Take a look at the result of the test similarity search

In [None]:
# Inspect the returned page content
print(docs[0].page_content)

## Configure the Chain
Now that we've indexed all the revelant content, let's configure the chain. A chain is a concept in `Langchain`:

```Using an LLM in isolation is fine for simple applications, but more complex applications require chaining LLMs - either with each other or with other components.LangChain provides the Chain interface for such "chained" applications. We define a Chain very generically as a sequence of calls to components, which can include other chains.```

These chains are very useful when stringing components together to create a cohesive end to end pipeline.

In [None]:
from langchain.chains import RetrievalQA
from langchain.llms import OpenAI

chain = RetrievalQA.from_chain_type(OpenAI(), chain_type="stuff", retriever=chroma_index.as_retriever())

## Query the Chain to test knowledge
Now that the chain is configured, we can easily test it using a question

In [None]:
query = "What's going on with the Harry Potter actor these days?"

chain.run(query)

## Enhancing the Chain with Prompt Engineering
Now that we've validated that the extisting chain work with the LLM and the vectorized content, we can further discuss incorporating prompt templating. Using teh `RetrievalQAChain` from `LangChain` means that, up until this point, we are relying on the prompting mechansims built into that chain. However, it's clear that prompts play a large role on the relevancy of responses from these LLMs, so it's important to know how to use custom prompting if necessary.

In [None]:
from langchain.prompts import ChatPromptTemplate
from langchain.prompts.chat import SystemMessage, HumanMessagePromptTemplate
human_message = """### Given the CONTEXT, answer the QUESTION.
CONTEXT: {context}
###
QUESTION: {question}
###
"""

system_message = """You are a cheerful, helpful assistant that answers questions using the context given.
If you cannot answer the question using the context, then just say `I don't know`"""

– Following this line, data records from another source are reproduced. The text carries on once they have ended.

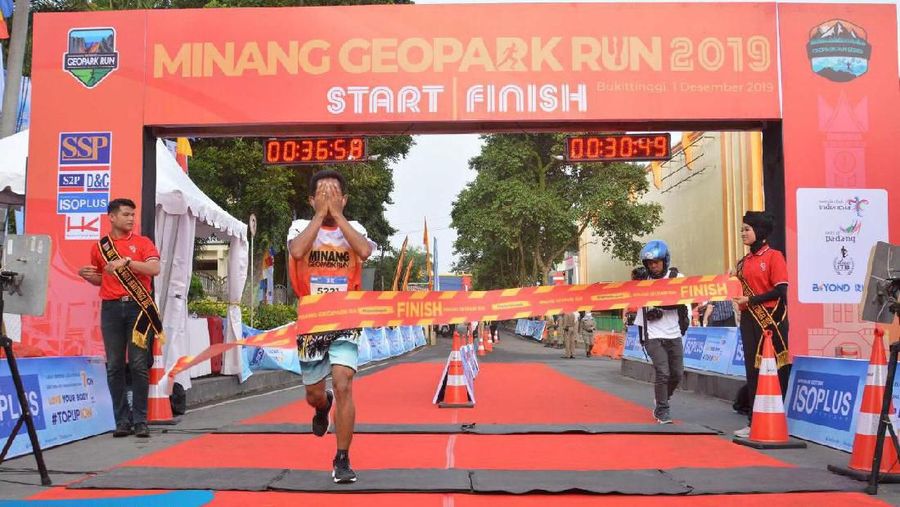 PT Hutama Karya turut berpartisipasi dalam Minang Geopark Run 2019 dengan mendukung penuh penyelenggaraan sport tourism event berskala internasional ini.
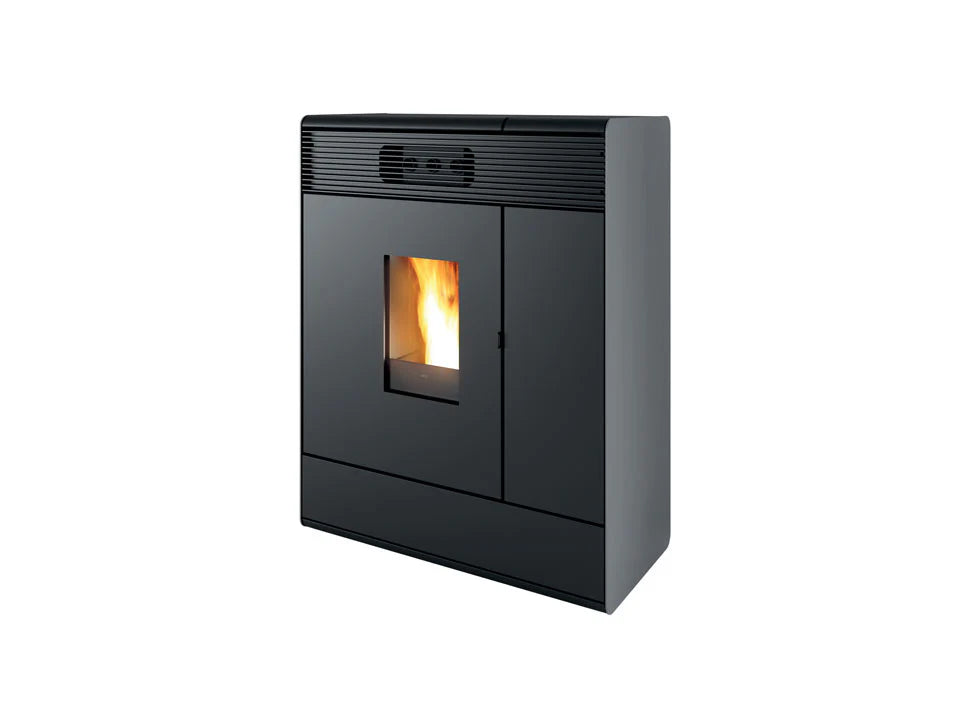 Termostufa a Pellet Slim MCZ Aki Hydromatic 18 R Maestro Plus Da 18 Kw Vari Colori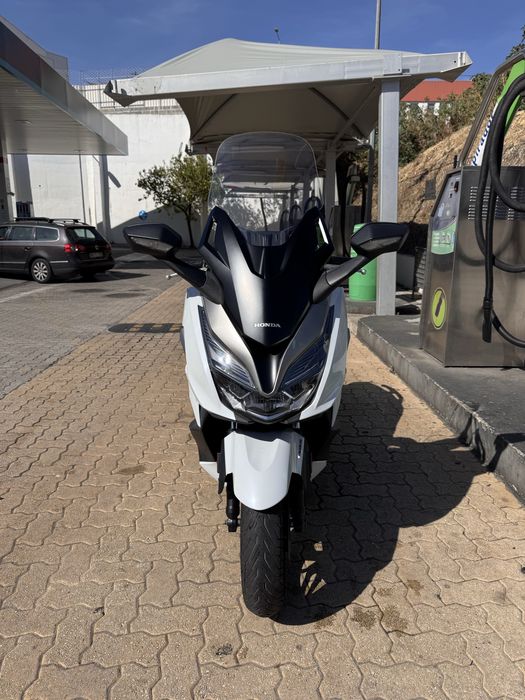 Honda Forza 350 com extras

template = ChatPromptTemplate.from_messages(
    [
        SystemMessage(content=(system_message)),
        HumanMessagePromptTemplate.from_template(human_message)
    ]
)

See [here](https://help.openai.com/en/articles/6654000-best-practices-for-prompt-engineering-with-openai-api) for some general guidelines of OpenAI prompting best practices.

In [None]:
# Pass the prompt template via the chain_types_kwargs parameter
chain_type_kwargs = {"prompt": template}
chain_with_prompting = RetrievalQA.from_chain_type(llm=OpenAI(), chain_type="stuff",
                                   retriever=chroma_index.as_retriever(), chain_type_kwargs=chain_type_kwargs)

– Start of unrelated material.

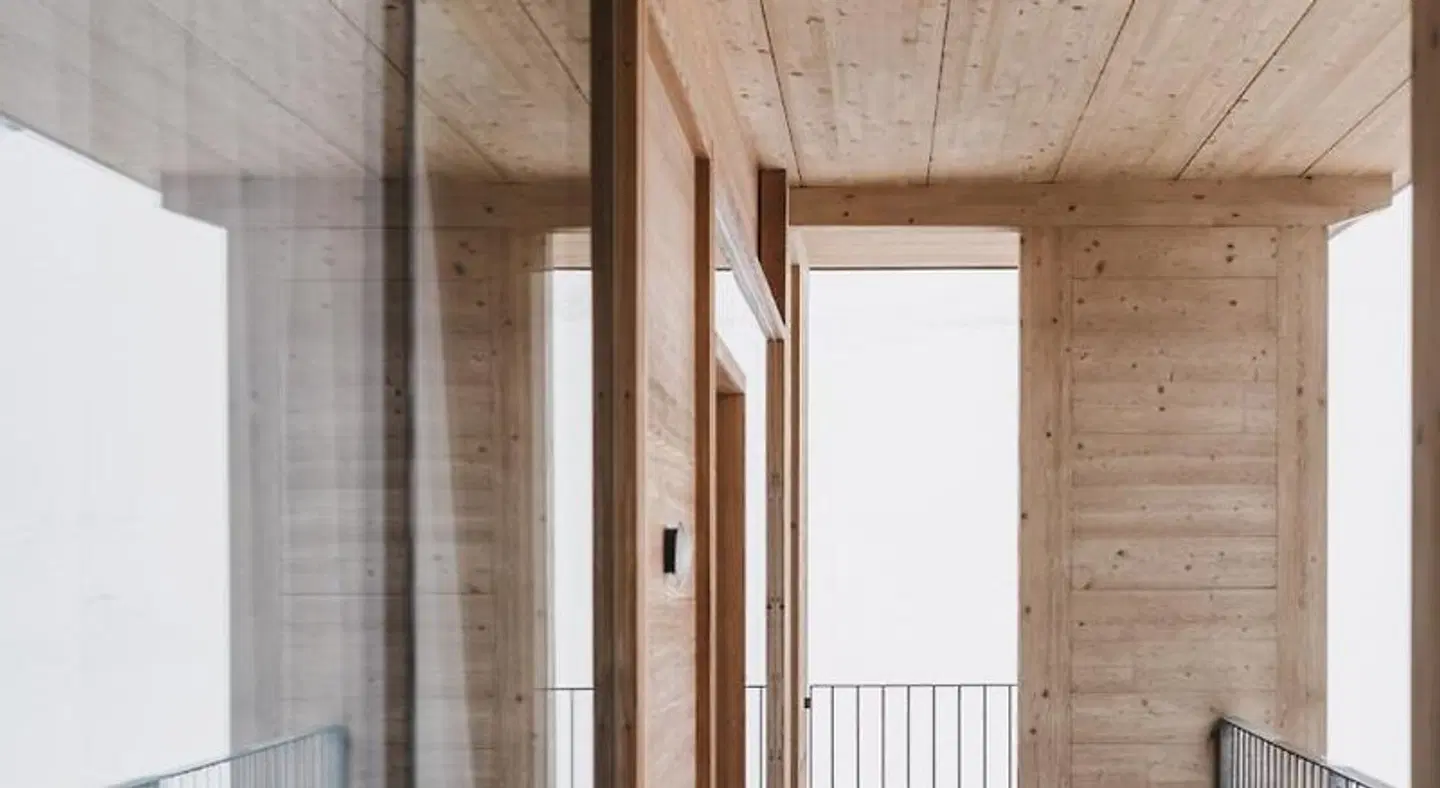 The Crystal MODEL_IMPRESSION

Test the new chain with prompt templating

In [None]:
print(chain_with_prompting.run(query))

## Summary
This tutorial serves as an informative and hands-on introduction to the powerful Retrieval-Augmented Generation (RAG) pipeline. Through a series of interactive examples, users will explore the fundamental components of RAG, showcasing its unique ability to combine retrieval-based and generation-based approaches in natural language processing. By working with real-world data, participants will learn how to set up a retrieval system, query and rank documents, and seamlessly integrate this contextual information into a generation model. This practical guide offers a comprehensive overview of the RAG architecture, enabling users to harness its capabilities for tasks such as question answering, content summarization, and more. Whether you're new to RAG or looking to deepen your understanding, this notebook provides a clear and hands-on demonstration of its core functionalities.